I guess its about trying to objectivly assess each situation and whether or not you want "guranteed outcome climbing" which is fine (but I think less rewarding).
 Michael Ryan 14 Aug 2007
In reply to bendurance:

Hi bendurance,

Glad you posted that as some above got the wrong end of the stick, although you did clearly state in your initial post that you fell whilst going for it and didn't jump.

Great posts.

Thank you.

Mick
Removed User 14 Aug 2007
In reply to Offwidth:

Sadly I'd have to agree. The Mall at Millstone felt a good bit harder & thats only VS4c.

Ditto Fern Crack.
 climbingpixie 14 Aug 2007
In reply to bendurance:

> I should clarify I wasnt intending to lob off each time, just a combination of pushing my limit and not having climbed much recently. Neither is falling the aim here - but climbing with 100% commitment and reaching my potential definitely is.

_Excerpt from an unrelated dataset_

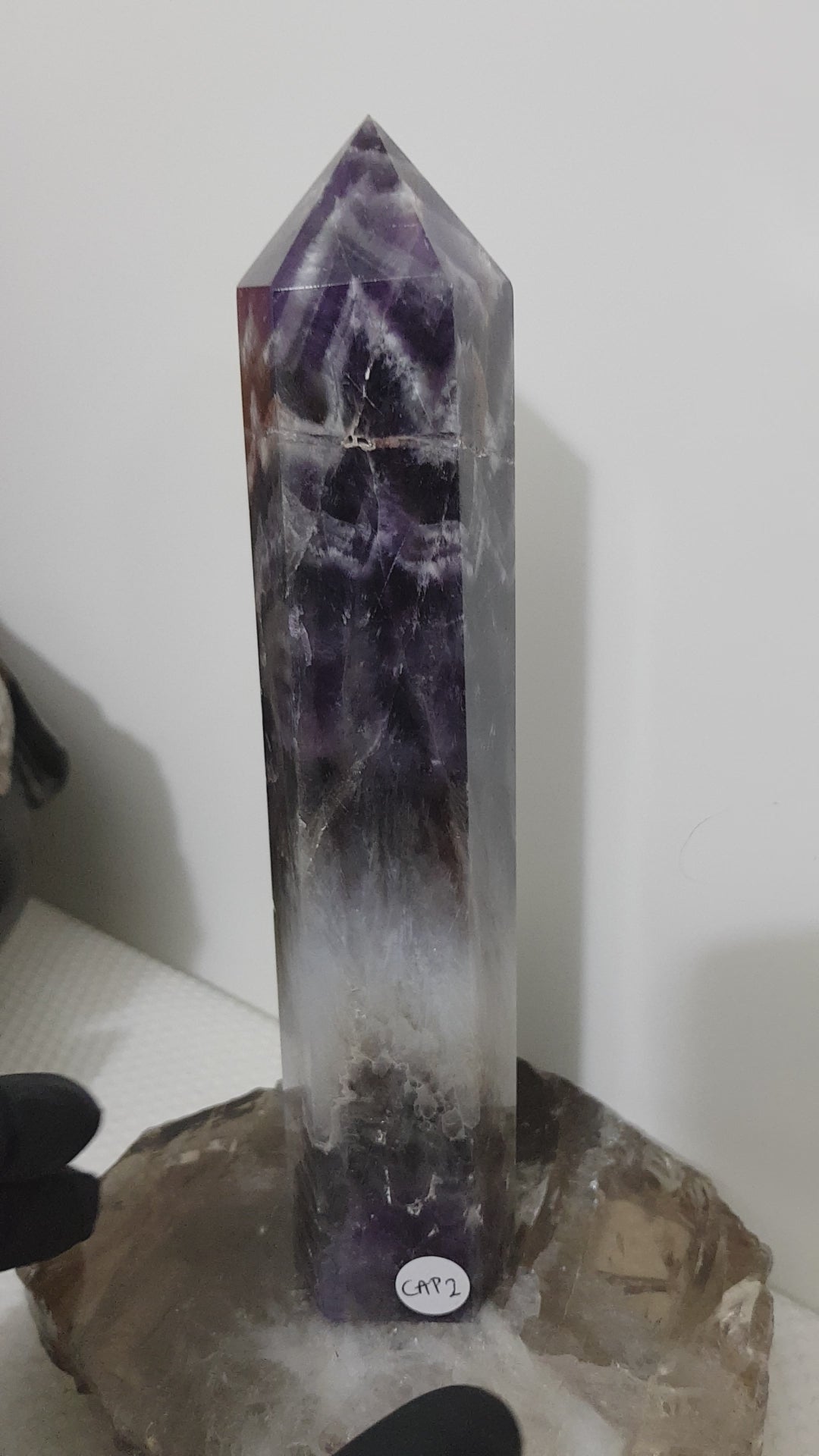 Chevron amethyst crystal point tower polished Brazil deep purple chevron banding 21.5cm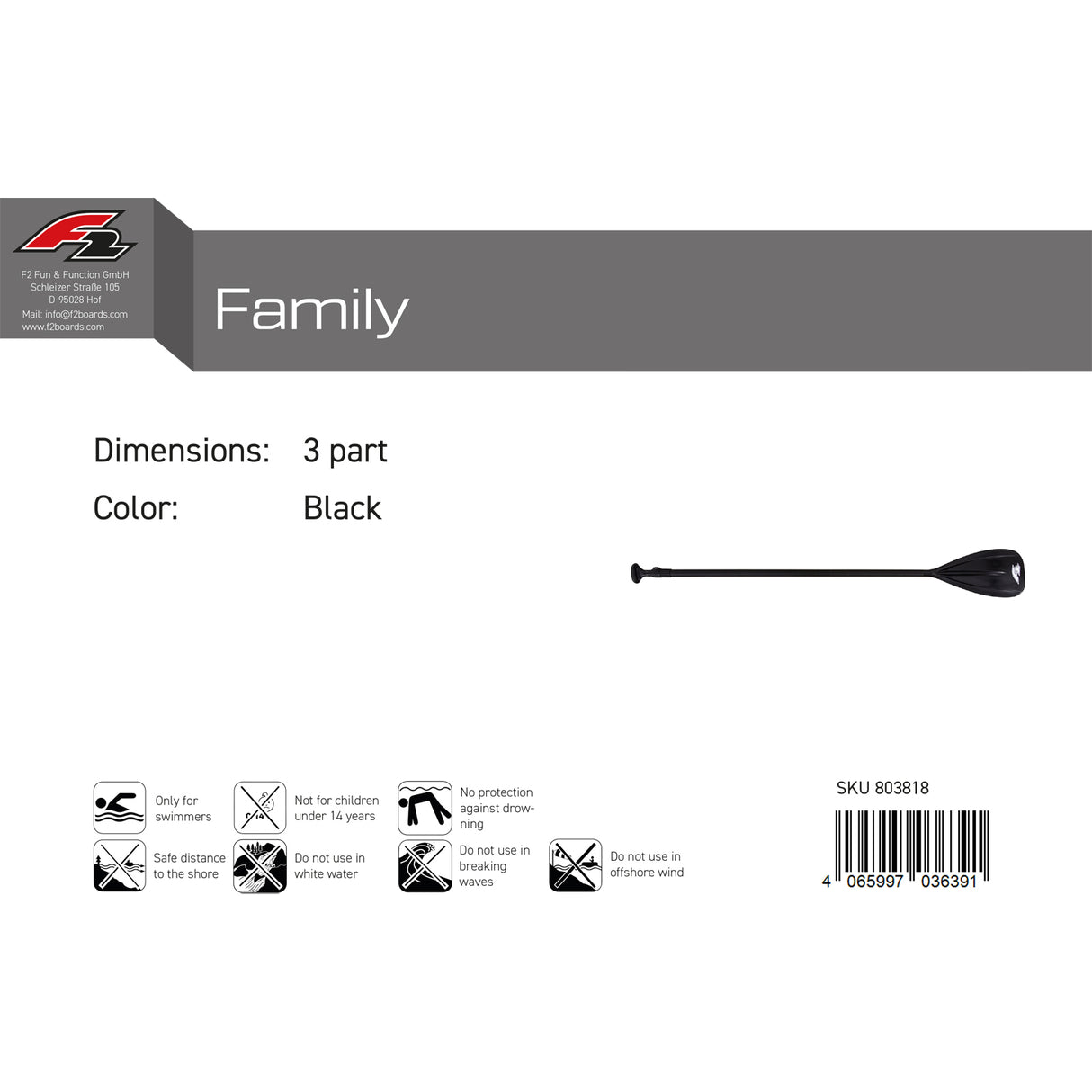 F2 SUP Paddel Family 3 teilig Schwarz 2024/25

That's a good attitude to have. Not committing fully to moves makes you more likely to fall off and stops you from being able to climb at your limit. Though I've only taken a few falls they gave me more confidence in my gear and I'm happier now to embark on committing sequences, knowing that I have good protection in (obviously usual disclaimers apply about poor gear/potential things to hit etc). It's helped me climb harder but more importantly I get more satisfaction from doing a route at the top of my ability than one within my comfort zone.
 Swig 15 Aug 2007
In reply to Removed User:

Ah, but fern crack (rightly) gets HVS in the new stanage guide.

joint effort is at the lower end of the HVS grade and most VSs on lime are towards the top of the grade (mainly due to being polished to f**k).
 tommyzero 15 Aug 2007
In reply to bendurance:

Uh oh. 'Cure'.

Where is Richard Dawkins when you need him?